◆ **HOW TO COMPLETE THIS TASK**: Each record that follows should be duplicated exactly, except for its pictures.

PROVIDED DATA Block Start

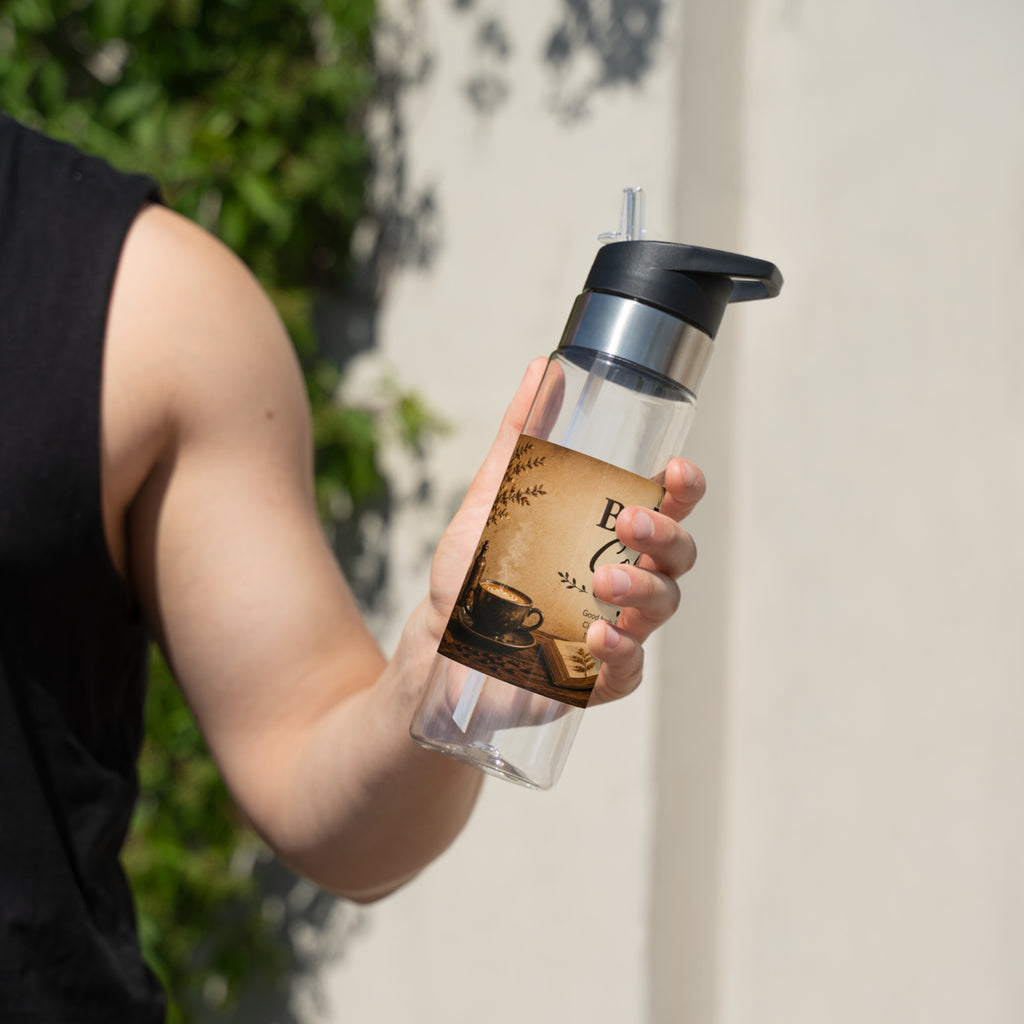 Books & Coffee 20oz Tritan Sport Bottle — Vintage Library Coffee Lover Water Bottle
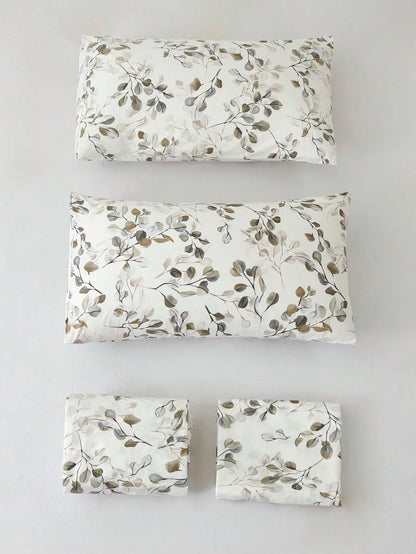 4-Piece Floral Microfiber Bedding Set
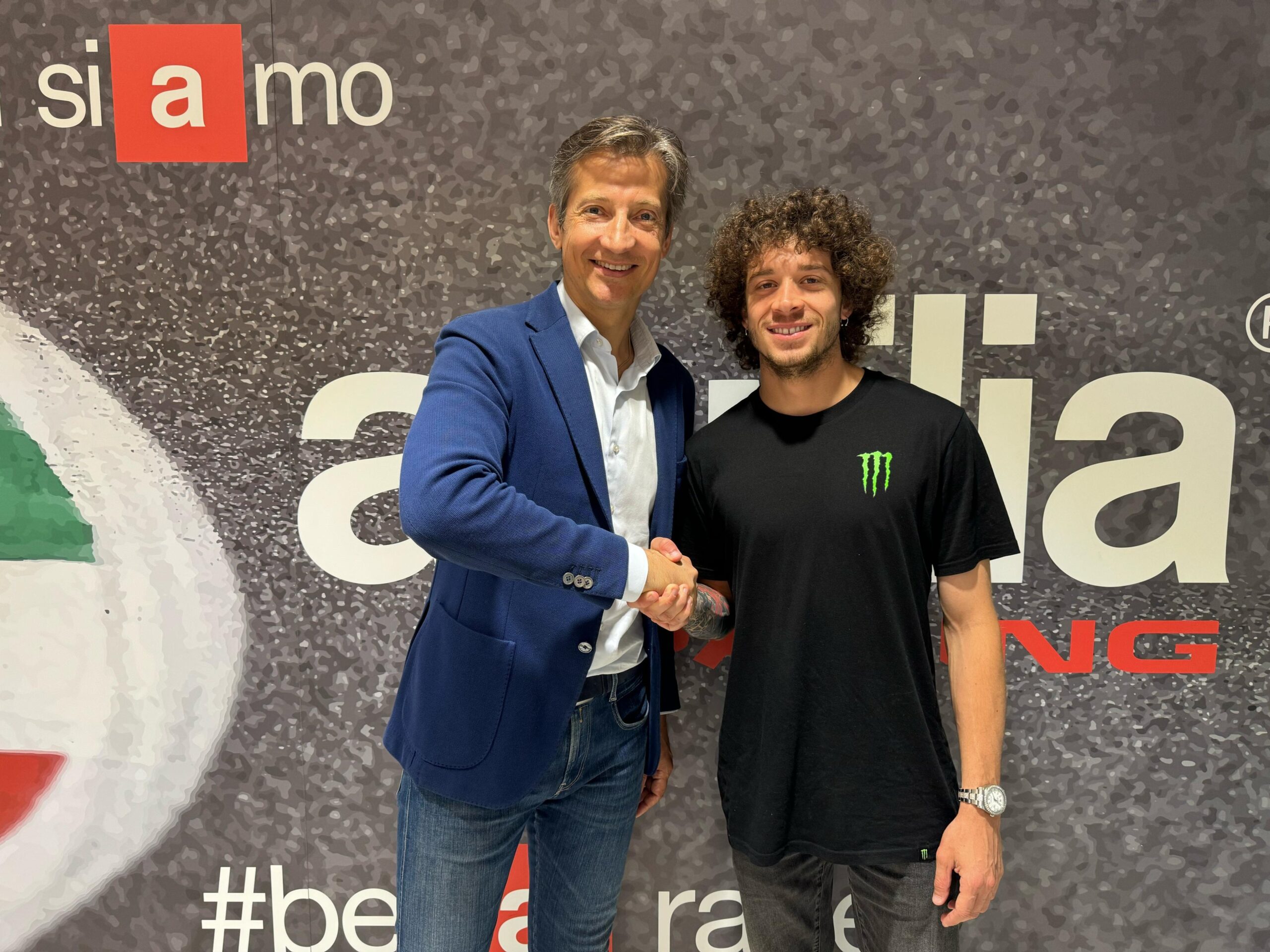 Aprilia completa alineación y pone a Bezzecchi al lado de Martín para el MotoGP 2025
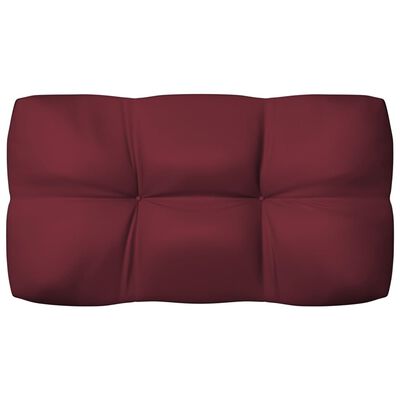 vidaXL Blazine za kavč iz palet 7 kosov vinsko rdeče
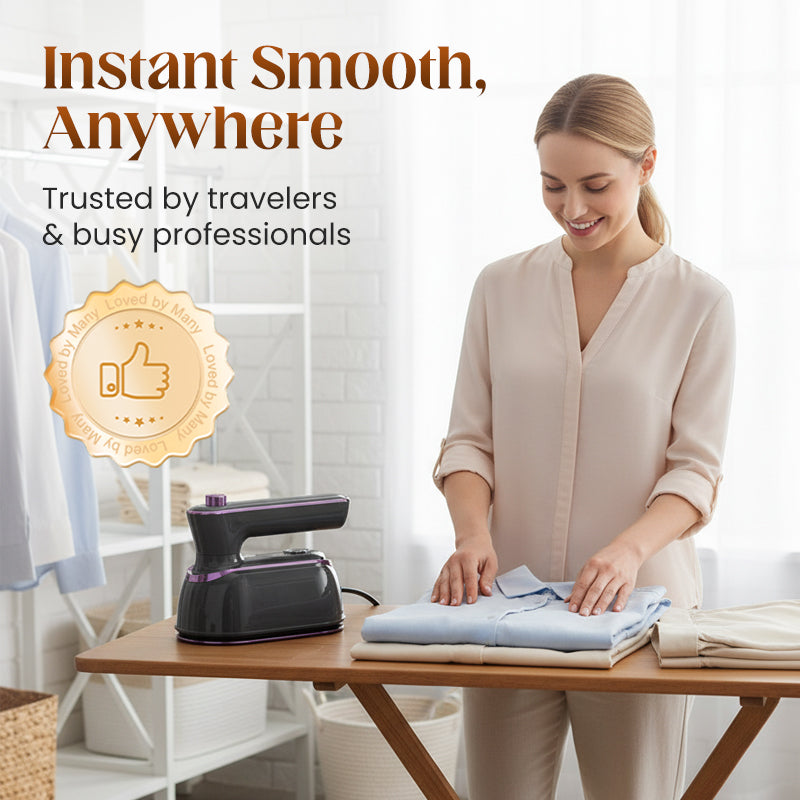 ✨ Instant Wrinkle Removal—1200W Foldable Handheld Steam Iron! ✨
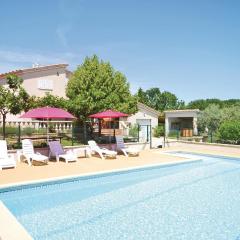 Nice Home In Montignargues With 4 Bedrooms, Wifi And Private Swimming Pool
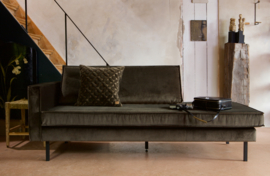 800743-156 | Rodeo daybed left - velvet dark green hunter | BePureHome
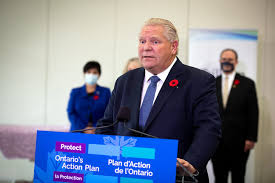 The party with the taxpayers' money is over — it's done, doug ford, 53, said in a speech to supporters. Doug Ford Warns A Lockdown Is Likely In Toronto Peel And York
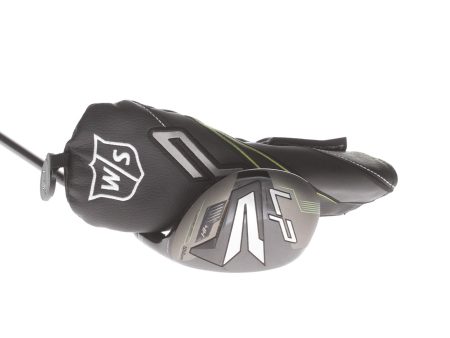 Wilson Launchpad Graphite Mens Right Hand 4 Hybrid 22.5* Regular - Evenflow55g on Sale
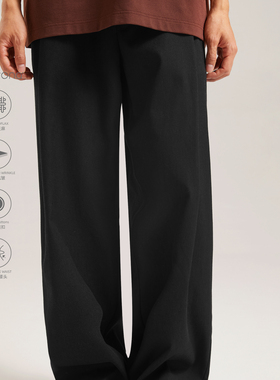 Mono Profile26SS简约通勤进口亚麻混纺长裤宽松直筒抗皱休闲裤夏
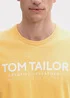 Tom Tailor C Neck T Shirt Peachy Orange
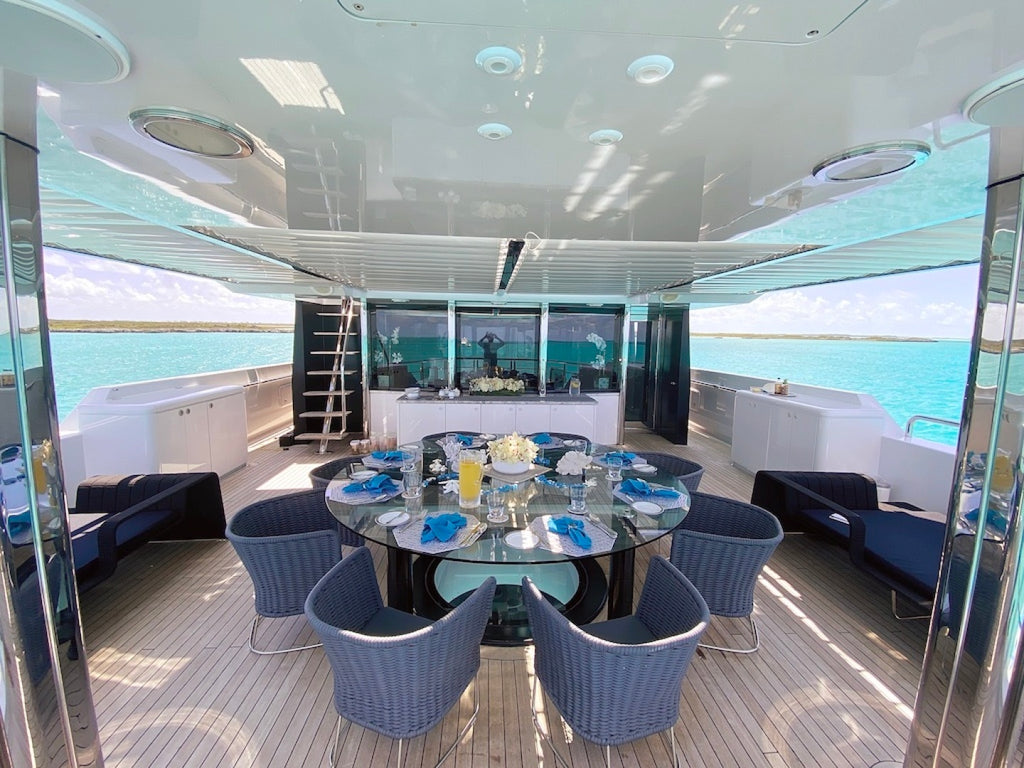 Upper Deck Aft Dining Area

PROVIDED DATA Block End

◆ **REPLY**:
 Books & Coffee 20oz Tritan Sport Bottle — Vintage Library Coffee Lover Water Bottle
 4-Piece Floral Microfiber Bedding Set
 Aprilia completa alineación y pone a Bezzecchi al lado de Martín para el MotoGP 2025
 vidaXL Blazine za kavč iz palet 7 kosov vinsko rdeče
 ✨ Instant Wrinkle Removal—1200W Foldable Handheld Steam Iron! ✨
 Nice Home In Montignargues With 4 Bedrooms, Wifi And Private Swimming Pool
 800743-156 | Rodeo daybed left - velvet dark green hunter | BePureHome
 The party with the taxpayers' money is over — it's done, doug ford, 53, said in a speech to supporters. Doug Ford Warns A Lockdown Is Likely In Toronto Peel And York
 Wilson Launchpad Graphite Mens Right Hand 4 Hybrid 22.5* Regular - Evenflow55g on Sale
 Mono Profile26SS简约通勤进口亚麻混纺长裤宽松直筒抗皱休闲裤夏
 Tom Tailor C Neck T Shirt Peachy Orange
 Upper Deck Aft Dining Area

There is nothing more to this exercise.